Sistematika penulisan tafsir al-Maraghi
Di dalam muqaddimah kitabnya, al-Maraghi mengungkapkan sistematika
penulisan yang di pakai dalam tafsirnya.
Antara lain
1.
Mengemukakan ayat-ayat di awal pembahasan
Al-Maraghi memulai setiap pembahasan dengan
mengemukakan satu, dua, atau lebih ayat-ayat al-Qur’an yang mengacu kepada
suatu tujuan yang menyatu.
2.
Menjelaskan Kosa Kata (syarh al-Mufradat) Kemudian al-Maraghi
menjelaskan pengertian kata-kata secara bahasa, bila ternyata ada kata-kata
yang sulit difahami oleh pembaca.

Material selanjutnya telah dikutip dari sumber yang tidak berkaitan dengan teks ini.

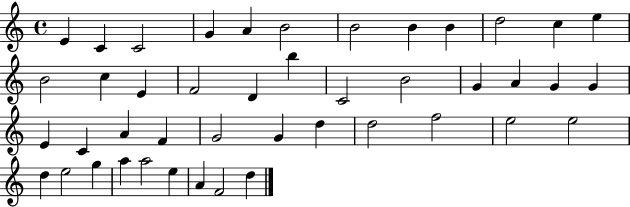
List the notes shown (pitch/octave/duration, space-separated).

E4/q C4/q C4/h G4/q A4/q B4/h B4/h B4/q B4/q D5/h C5/q E5/q B4/h C5/q E4/q F4/h D4/q B5/q C4/h B4/h G4/q A4/q G4/q G4/q E4/q C4/q A4/q F4/q G4/h G4/q D5/q D5/h F5/h E5/h E5/h D5/q E5/h G5/q A5/q A5/h E5/q A4/q F4/h D5/q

Setelah menyebutkan satu, dua, atau
sekelompok ayat, Al-Maraghi melanjutkannya dengan menjelaskan beberapa kosa
kata yang sukar menurut ukurannya. Dengan demikian, tidak semua kosa kata dalam
sebuah ayat dijelaskan melainkan dipilih beberapa ayat yang bersifat konotatif
dan sulit dipahami oleh pembaca.
3.
Menjelaskan Pengertian secara global
Al-Maraghi menyebutkan makna ayat-ayat secara global,
sehingga sebelum memasuki penafsiran yang menjadi topik utama, para pembaca
terlebih dahulu mengetahui makna ayat-ayat tersebut secara umum
4.
Menjelaskan sebab-sebab turun Ayat ( Asbab al-Nuzul) Jika
ayat-ayat tersebut mempunyai asbab al-Nuzul berdasarkan riwayat shahih
yang menjadi pegangan para mufassir, maka al-Maraghi menjelaskannya terlebih
dahulu.
5.
Meninggalkan istilah-istilah yang berhubungan dengan ilmu pengetahuan
Al-Maraghi sengaja meninggalkan istilah-istilah yang
berhubungan dengan ilmu-ilmu lain yang diperkirakan bisa menghambat para
pembaca dalam memahami isi al-Qur’an. Misalnya ilmu Nahwu, Sharf, ilmu Balaghah,
dan sebagainya.
6.
Gaya Bahasa Para Mufassir
Al-Maraghi menyadari bahwa kitab tafsir terdahulu
disusun sesuai dengan gaya bahasa pembaca ketika itu. Oleh sebab itu,
al-Maraghi merasa berkewajiban memikirkan lahirnya sebuah kitab tafsir yang
mempunyai warna tersendiri dengan gaya bahasa yang mudah dicerna oleh alam
pikiran saat ini, sebab setiap orang harus diajak bicara sesuai dengan
kemampuan akal mereka
7.
Seleksi Terhadap Kisah-Kisah yang Terdapat Di Dalam Kitab Tafsir
8.
Jumlah Juz Tafsir al-Maraghi
Adapun bilangan juz dalam tafsir al-Maraghi bila
dilihat dari jumlah terjemahan, terdiri dari 30 jilid (satu jilid satu juz).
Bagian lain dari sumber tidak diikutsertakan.